Without the images, repeat every line of the listing verbatim.

DATA BLOCK =>
[Start of Attachment]

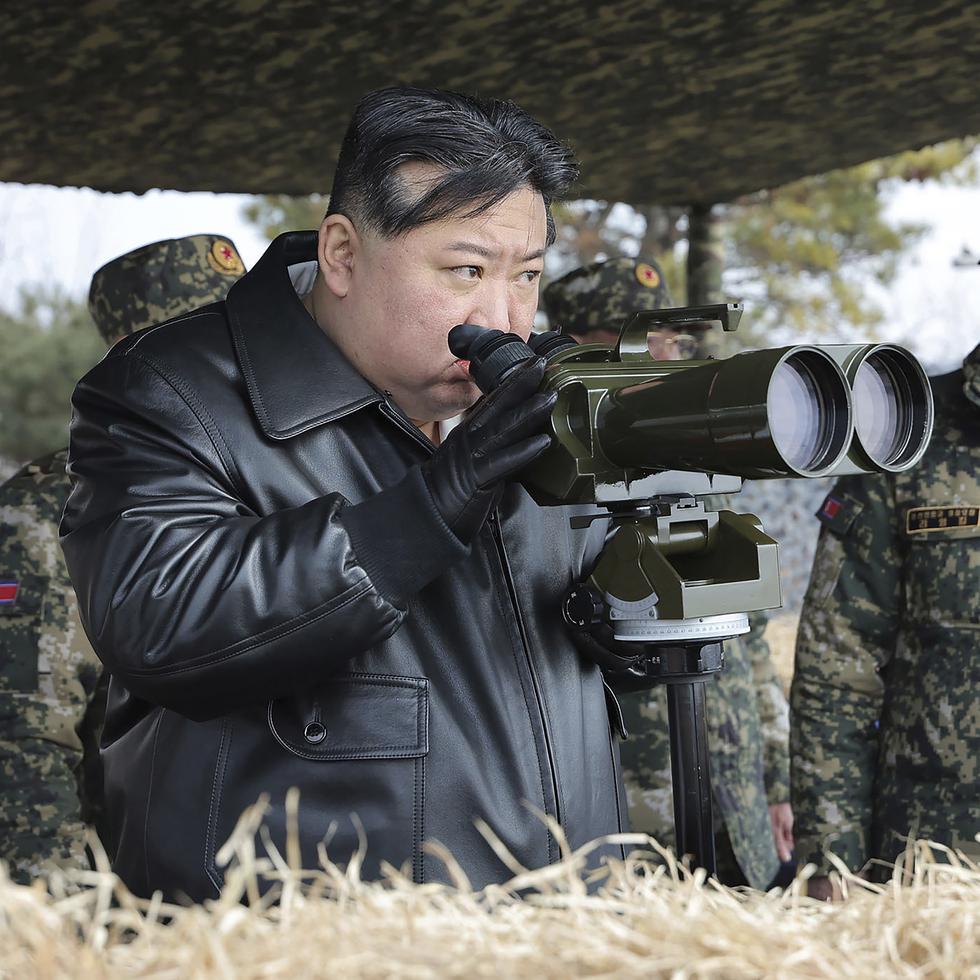 Durante las maniobras militares conjuntas de Estados Unidos y Corea del Sur que finalizaron el jueves, el gobernante norcoreano Kim Jong Un supervisó una serie de ejercicios militares que incluyeron tanques, baterías de artillería y paracaidistas.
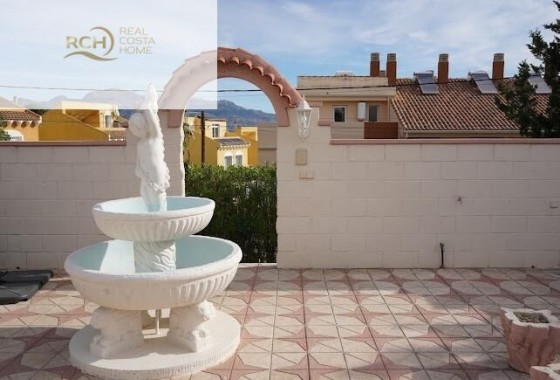 Resale - Freistehende Villa -
La Nucía - Montebello - Nou Espai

[End of Attachment]

WRITTEN RESPONSE =>
 Durante las maniobras militares conjuntas de Estados Unidos y Corea del Sur que finalizaron el jueves, el gobernante norcoreano Kim Jong Un supervisó una serie de ejercicios militares que incluyeron tanques, baterías de artillería y paracaidistas.
 Resale - Freistehende Villa -
La Nucía - Montebello - Nou Espai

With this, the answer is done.